Debt settlement is a process by which you can greatly reduce or maybe even eliminate the total amount of debt you are currently paying or committed to pay in the future. Solutions are available for various types of accounts, including credit card, medical, and even personal loans. Learn about debt settlement companies as well as the process that is available.
Reputable credit counseling organizations can advise you on managing your money and debts, help you develop a budget, and offer free educational materials and workshops. Their counselors are certified and trained in consumer credit, money and debt management, and budgeting. They discuss your entire financial situation with you, and help you develop a personalized plan to deal with your money problems. An initial counseling session typically lasts an hour, with an offer of follow-up sessions.
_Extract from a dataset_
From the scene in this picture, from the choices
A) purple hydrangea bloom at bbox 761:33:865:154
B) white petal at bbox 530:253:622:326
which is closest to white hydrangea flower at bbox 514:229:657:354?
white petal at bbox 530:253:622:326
Each week when you make a payment, subtract the amount, so you have a new balance. The point of this is to see those numbers getting smaller each week. It’s motivating. We also didn’t list dates for the second debt on the list because as we get to the end of each debt, we might reach just a little further so we can pay it off a week or two earlier.
If you’re interested in a debt management program, you’ll first consult a Clearpoint certified credit counselor in a free, basic credit counseling session, which is offered online, via phone, or in person. Your counselor will review your total financial situation and discuss your credit report, income, and expenses. You and your counselor will take inventory of your outstanding debts and creditors, and your counselor will explain how a DMP may work for your specific situation, including how your interest rates and monthly payments may change on the program.